They tiptoed away, instructing the house to warn them immediately if Byx awakened.
* * *
Tench avoided getting up when he first woke, allowing himself to drift back into light slumber. When he woke again, he turned over and feigned sleep for another ten minutes. When the sun broke over the rim of the Dish, he finally rose, scowling darkly.
Merinel yawned, and the bed propped her up, allowing her to observe her husband as he leaned forward against the window, staring down the slope of the Dish towards the distant antenna. “You need to calm down,” she told him.
“It’s not a calming errand.”
“In that case, you need to be wound up for the right reasons, and right now you’re not.”
“Is that a fact?”
“Uh-huh.” She got up and began rummaging through the armoire, picking out the traveling clothes he had worn upon his return from Mecantrion, which were rugged and durable and woven of reactive fibers which would conform to his fifteen-years-later physique. “You’re not worried about what’s in the Verch, you’re worried about what’s in your head.”
“I’m worried that they might become the same thing.”
“That won’t happen. You’re not the same man you were then.”
“No, I’ve gone soft.”
Merinel turned and pinned him with a glare. “You may not have noticed this,” she told him, “but I have been observing you closely for perhaps twenty years, the last fifteen from the vantage of your bed, and I know what you are and are not capable of. I know you better than you know yourself -- which isn’t hard -- and when I tell you that you are in perfect mental health, barring hypochondria, you can stake your life on it.”
“I am staking my life on it!” snapped Tench.
Merinel came over to him and framed his face in her hands. “Wrong choice of words,” she murmured. “But you need to trust me -- again -- when I tell you it’s going to be all right. And it is.”
Tench held her close for a long moment, not saying anything, doing his best not to think of anything.

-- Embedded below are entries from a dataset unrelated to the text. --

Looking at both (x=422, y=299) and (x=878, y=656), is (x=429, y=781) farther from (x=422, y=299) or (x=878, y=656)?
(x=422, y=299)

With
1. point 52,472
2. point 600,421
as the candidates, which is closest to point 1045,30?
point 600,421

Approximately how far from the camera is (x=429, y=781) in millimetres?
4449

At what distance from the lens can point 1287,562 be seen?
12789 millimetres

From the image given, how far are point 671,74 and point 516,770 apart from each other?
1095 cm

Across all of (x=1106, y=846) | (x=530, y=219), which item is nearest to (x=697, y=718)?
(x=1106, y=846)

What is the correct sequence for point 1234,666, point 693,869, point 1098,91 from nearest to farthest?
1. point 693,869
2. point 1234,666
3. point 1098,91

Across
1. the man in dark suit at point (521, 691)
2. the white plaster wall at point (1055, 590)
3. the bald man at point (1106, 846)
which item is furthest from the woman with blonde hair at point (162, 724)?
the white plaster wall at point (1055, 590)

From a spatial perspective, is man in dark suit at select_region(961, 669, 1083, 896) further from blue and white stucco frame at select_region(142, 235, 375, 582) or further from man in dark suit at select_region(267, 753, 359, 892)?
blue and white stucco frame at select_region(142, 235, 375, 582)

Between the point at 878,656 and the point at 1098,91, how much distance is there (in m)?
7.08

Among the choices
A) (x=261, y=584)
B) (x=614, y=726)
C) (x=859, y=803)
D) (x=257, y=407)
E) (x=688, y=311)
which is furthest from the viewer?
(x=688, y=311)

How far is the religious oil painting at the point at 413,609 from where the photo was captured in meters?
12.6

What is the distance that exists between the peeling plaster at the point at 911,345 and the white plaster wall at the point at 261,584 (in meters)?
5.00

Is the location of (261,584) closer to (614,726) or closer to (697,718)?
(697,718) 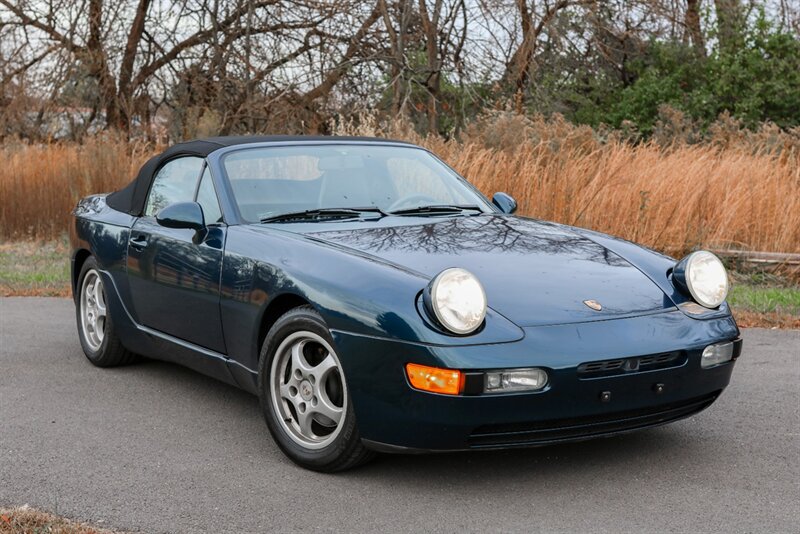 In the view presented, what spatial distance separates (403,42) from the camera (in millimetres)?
19250

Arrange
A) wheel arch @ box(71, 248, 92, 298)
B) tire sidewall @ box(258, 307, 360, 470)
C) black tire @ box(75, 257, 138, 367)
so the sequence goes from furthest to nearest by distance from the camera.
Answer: wheel arch @ box(71, 248, 92, 298) < black tire @ box(75, 257, 138, 367) < tire sidewall @ box(258, 307, 360, 470)

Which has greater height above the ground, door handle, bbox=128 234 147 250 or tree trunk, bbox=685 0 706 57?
tree trunk, bbox=685 0 706 57

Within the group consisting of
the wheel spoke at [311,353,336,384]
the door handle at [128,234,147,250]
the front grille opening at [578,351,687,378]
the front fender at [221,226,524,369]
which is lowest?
the wheel spoke at [311,353,336,384]

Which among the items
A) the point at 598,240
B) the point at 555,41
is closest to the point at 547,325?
the point at 598,240

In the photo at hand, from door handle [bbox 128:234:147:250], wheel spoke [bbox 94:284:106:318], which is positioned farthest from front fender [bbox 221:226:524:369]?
wheel spoke [bbox 94:284:106:318]

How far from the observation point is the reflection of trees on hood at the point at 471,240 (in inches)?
177

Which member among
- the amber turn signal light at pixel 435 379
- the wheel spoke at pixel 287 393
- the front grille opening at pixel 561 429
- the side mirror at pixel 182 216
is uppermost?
the side mirror at pixel 182 216

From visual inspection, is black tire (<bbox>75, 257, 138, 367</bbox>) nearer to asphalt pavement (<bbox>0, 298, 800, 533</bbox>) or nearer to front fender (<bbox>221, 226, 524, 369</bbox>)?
asphalt pavement (<bbox>0, 298, 800, 533</bbox>)

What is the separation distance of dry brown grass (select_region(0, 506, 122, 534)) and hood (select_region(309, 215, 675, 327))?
1559 mm

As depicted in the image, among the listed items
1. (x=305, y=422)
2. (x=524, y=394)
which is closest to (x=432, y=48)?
(x=305, y=422)

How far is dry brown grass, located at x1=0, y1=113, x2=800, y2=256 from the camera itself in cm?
1021

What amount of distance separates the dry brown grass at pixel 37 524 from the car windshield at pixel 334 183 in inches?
71.1

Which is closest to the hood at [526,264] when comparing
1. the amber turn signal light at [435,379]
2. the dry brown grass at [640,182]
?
the amber turn signal light at [435,379]

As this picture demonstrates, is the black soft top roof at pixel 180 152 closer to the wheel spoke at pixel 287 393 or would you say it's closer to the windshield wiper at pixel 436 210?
the windshield wiper at pixel 436 210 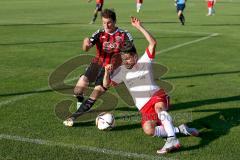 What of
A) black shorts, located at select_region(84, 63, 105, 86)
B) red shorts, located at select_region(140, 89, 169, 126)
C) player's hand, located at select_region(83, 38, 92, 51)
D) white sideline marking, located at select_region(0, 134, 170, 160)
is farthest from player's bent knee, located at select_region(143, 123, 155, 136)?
player's hand, located at select_region(83, 38, 92, 51)

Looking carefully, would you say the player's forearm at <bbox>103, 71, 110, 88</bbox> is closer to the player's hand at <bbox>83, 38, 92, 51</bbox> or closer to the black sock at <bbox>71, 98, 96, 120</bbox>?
the black sock at <bbox>71, 98, 96, 120</bbox>

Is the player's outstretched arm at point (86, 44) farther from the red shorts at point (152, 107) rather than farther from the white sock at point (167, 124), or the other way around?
the white sock at point (167, 124)

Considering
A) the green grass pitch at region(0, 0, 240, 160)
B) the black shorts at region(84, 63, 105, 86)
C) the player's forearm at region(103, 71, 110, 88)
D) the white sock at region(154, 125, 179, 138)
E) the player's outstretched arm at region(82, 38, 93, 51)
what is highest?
the player's outstretched arm at region(82, 38, 93, 51)

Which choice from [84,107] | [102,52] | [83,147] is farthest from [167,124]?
[102,52]

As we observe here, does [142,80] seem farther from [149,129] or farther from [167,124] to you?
[167,124]

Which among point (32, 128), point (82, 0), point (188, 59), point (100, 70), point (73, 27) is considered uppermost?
point (100, 70)

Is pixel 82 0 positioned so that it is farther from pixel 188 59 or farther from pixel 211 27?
pixel 188 59

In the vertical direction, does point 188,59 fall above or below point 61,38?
above

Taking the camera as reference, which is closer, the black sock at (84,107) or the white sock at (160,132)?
the white sock at (160,132)

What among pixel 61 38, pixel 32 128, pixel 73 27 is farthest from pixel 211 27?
pixel 32 128

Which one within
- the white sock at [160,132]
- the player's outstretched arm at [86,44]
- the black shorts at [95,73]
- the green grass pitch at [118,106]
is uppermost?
the player's outstretched arm at [86,44]

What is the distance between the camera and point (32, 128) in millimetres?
6898

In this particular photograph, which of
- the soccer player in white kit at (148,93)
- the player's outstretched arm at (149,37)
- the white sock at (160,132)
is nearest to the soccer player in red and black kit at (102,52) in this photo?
the soccer player in white kit at (148,93)

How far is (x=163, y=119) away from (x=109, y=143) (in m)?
0.84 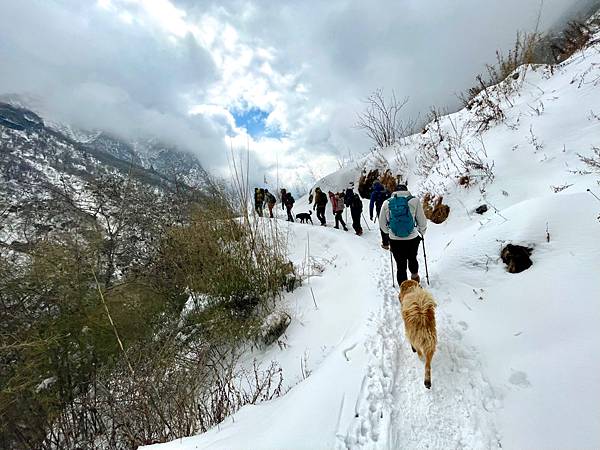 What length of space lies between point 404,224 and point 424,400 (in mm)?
2756

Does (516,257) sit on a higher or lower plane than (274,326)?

“When do you need to go?” she asked.
“Right now.”
He went into Byx’s room, stepping gingerly around the minefield of stuffed animals and gamepieces which had been instructed not to clean themselves up, in order to promote tidiness in their young owner. Byx was sound asleep, and Tench kissed her as softly as he could. Even so, her eyelids fluttered open.
“Are you leaving, Daddy?”
“Yes, I am.”
“OK. Hurry back.” She was asleep again before he could promise to do so.
* * *
Tench collected Banda-sarg, who had chosen to sleep on the roof, and rode a barge down the nearest river to the antenna base. They made their way through the city as quickly as they could, with the assistance of a relatively sane bot who led them through the labyrinth of semi-functional elevators. When they had reached his spar, Tench took in the view for a few minutes, and then turned his attention skywards. At this level, the antenna was still girdled by a dense support structure, but he knew that the catwalks and ladders and mesh platforms would grow sparse as he ascended. He had no definite idea how low he might expect to find the Iron Goats.
Tench and his insect companion climbed for the better part of an hour, spending half of that time staring upwards, trying to puzzle out a route that would not end in a vertical blind alley. Banda-sarg proved adept at outpacing Tench with prodigious bounds and directing him to fruitful paths by rattling her empty wing-cases, but as the sun approached its zenith, they found themselves atop a small platform with no obvious way forward. Tench stared in dismay at the increasingly fragmented structure of struts and catwalks, wondering if there was any route that led all the way to the summit, when Banda-sarg let out a startling hiss.
Tench spun about to see what had upset Banda-sarg. Behind him was a young man dangling upside down in mid-air, suspended by a silver cable wound about one athletic forearm. The other end of the cable, Tench saw, was coiled about a support beam some fifty feet above them.
“Why do you climb?” the man asked. “If you wish to become an Iron Goat, you are wiser than your fellow soil-grubs, who seem wedded to the hull, but I must warn you that the life is hard for one not born to it. I was only five when the Entity led us out of the ship’s belly, so I am well used to flinging myself from spar to spar, but many of the older ones among us have difficulty with such feats, and swing gently from one platform to the next, like the pendulum of a clock.”
“I’m not here to become an Iron Goat.”
“Then why are you here? Below, there are the pallid comforts of the soil. Above, there are the wild joys of the heights. But where you are, there is nothing.”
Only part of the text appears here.